For me, three of those towns jumped off the page as worthy of special note. Tuscaloosa and Marshall are both university towns and I would hope that the Amtrak brain trust has made some provision to accommodate the large numbers of college kids coming and going by train at vacation time and on weekends.
The third one is Meridian, Mississippi. Under the visionary leadership of its former mayor, John Robert Smith, it’s station was restored and turned it into a multi-modal facility, serving Amtrak, local and long-distance buses, and taxis. The result was the hugely successful revitalization of the entire area which thrust the dynamic Mayor Smith into national prominence and influence. I guarantee you that he is mightily unhappy at the loss of an agent at “his” station and has by now forcefully and colorfully made his feelings known to Amtrak.
Bottom line: one more short sighted and counter productive move.
Santa Fe’s newspaper (New Mexican) reports reports this will take effect June 1 at Lamy NM (gateway for visitors to Santa Fe), just in time for summers visitors with all their luggage!
Yes this displays extreme ignorance on the part of Amtrak. I’ve tried writing to City government there and also to the “SantaFe New Mexican”. Though the latter asked me for further ID, not sure if it ever got printed, though at least someone else’s response did. This is a major station on ths Southwest Chief, the one for Santa Fe. Even the trackage today is Burlington Northern SANTA FE, and Amtrak goes and removes the agent. It ought to awaken the need for response from New Mexico now!
I guess there are a bunch of reasons why it’s impossible, but why doesn’t Amtrak let the station to a private business, preferably one that could sell at least the basic stuff? I’ve seen stations rented out to pizzerias, travel agents, book shops, cafés, with the condition stipulated that the waiting room should remain open to Amtrak customers, and in the case of a travel agent, I could imagine that they would be willing to sell Amtrak tickets, too.
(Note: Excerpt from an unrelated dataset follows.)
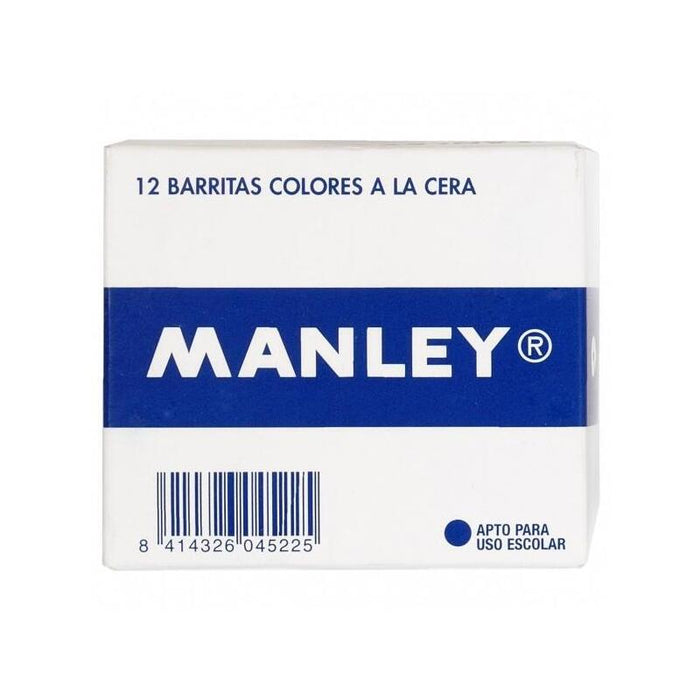 Manley Estuche De 12 Ceras 60mm (24) Verde Esmeralda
In Italy, Scandinavia, etc, most tickets are even sold by newsagents and convenience stores…
There are several Amtrak stations that are manned by volunteers. Olympia, Washington, comes immediately to mind,and there are others.
So, if there’s no station agent, does that mean that I cannot check in my “checked” luggage or remove it from the train when I arrive? I was hoping to visit Charleston (WV) this year.
I’m afraid that’s exactly what it means, Sandy. You’ll just have to remember the old adage: There are only two kinds of travelers: this who are traveling light, and those who wish they were. But do contact Amtrak and complain!